Well, you should speak as you find, as they say. If you have come across some lazy or poorly-motivated Chinese students, then fair enough. But that is not my experience.

I have been teaching at Green Oasis School (GOS) for more than four years now. Before that, I was in the UK, Kenya, Saudi Arabia, Egypt, Romania, the UAE and Qatar. During my travels I have come across more than my fair share of badly-behaved and lazy students. Now I am a primary school teacher and I wondered whether the older students at GOS became absolutely horrible as soon as they left the primary section, but my colleagues in the senior school all tell me the same thing. In so far as it is possible for teenagers to be pleasant and well-behaved, ours certainly are.

There are lots of reasons why Chinese students are much more motivated and well-mannered than students in the UK or just about anywhere else.

First of all, Chinese schools (the government run schools) are unspeakably awful and my guess is that the students at GOS know this very well. They like being at GOS and they do not want to leave! Secondly, their parents are paying a heck of a lot of money. Thirdly, we are over-subscribed. I have told my students, "If you do not want to work, why don't you leave? There are lots of other children who would like to sit where you are sitting!" 

For most GOS students, their academic work is incredibly tough because it is all in English and their first language is Mandarin.
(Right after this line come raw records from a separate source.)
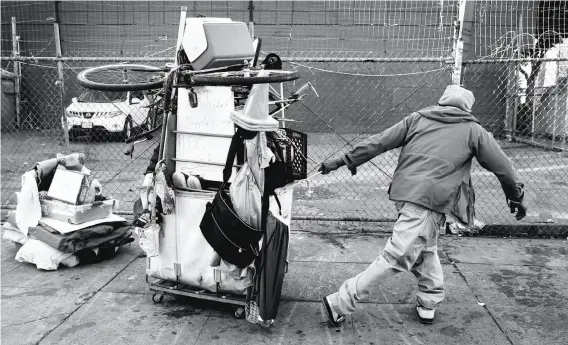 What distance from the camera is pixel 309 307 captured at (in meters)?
4.14

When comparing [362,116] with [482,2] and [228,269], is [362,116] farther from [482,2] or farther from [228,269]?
[228,269]

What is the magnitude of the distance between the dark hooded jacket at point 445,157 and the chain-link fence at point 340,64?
683 cm

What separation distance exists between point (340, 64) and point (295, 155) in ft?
35.5

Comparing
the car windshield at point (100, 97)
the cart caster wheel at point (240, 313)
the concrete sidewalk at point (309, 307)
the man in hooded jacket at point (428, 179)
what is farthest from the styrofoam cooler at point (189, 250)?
the car windshield at point (100, 97)

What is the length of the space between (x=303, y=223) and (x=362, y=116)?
834 cm

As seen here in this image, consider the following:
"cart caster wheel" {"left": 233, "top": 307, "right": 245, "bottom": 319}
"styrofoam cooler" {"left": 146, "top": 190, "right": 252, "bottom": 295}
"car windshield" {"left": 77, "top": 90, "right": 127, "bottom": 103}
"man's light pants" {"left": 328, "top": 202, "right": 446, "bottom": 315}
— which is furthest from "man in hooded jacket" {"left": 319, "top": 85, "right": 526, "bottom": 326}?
"car windshield" {"left": 77, "top": 90, "right": 127, "bottom": 103}

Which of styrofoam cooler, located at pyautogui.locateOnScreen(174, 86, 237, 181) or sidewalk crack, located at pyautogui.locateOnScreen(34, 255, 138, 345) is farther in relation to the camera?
styrofoam cooler, located at pyautogui.locateOnScreen(174, 86, 237, 181)

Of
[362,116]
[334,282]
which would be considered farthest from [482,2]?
[334,282]

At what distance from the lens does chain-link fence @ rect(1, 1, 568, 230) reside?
12.4 meters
Therefore they need to get on with their work and not waste any time. There are 1.4 billion people in China, so it is a competitive place. Parents tell this to their children and of course the parents themselves are very much aware that an English-style education is a valuable asset in China. It is also the key that might allow their child to avoid the dreaded gao kao (the ghastly entrance test for Chinese universities) and instead their little darlings have the option of going to a university in the US or the UK. Each year we have the Dragon Boat Festival and it is supposed to be about a famous poet who was drowned. Chinese high school students say that the poet drowned himself because he did not want to tell his parents that he had failed the gao kao.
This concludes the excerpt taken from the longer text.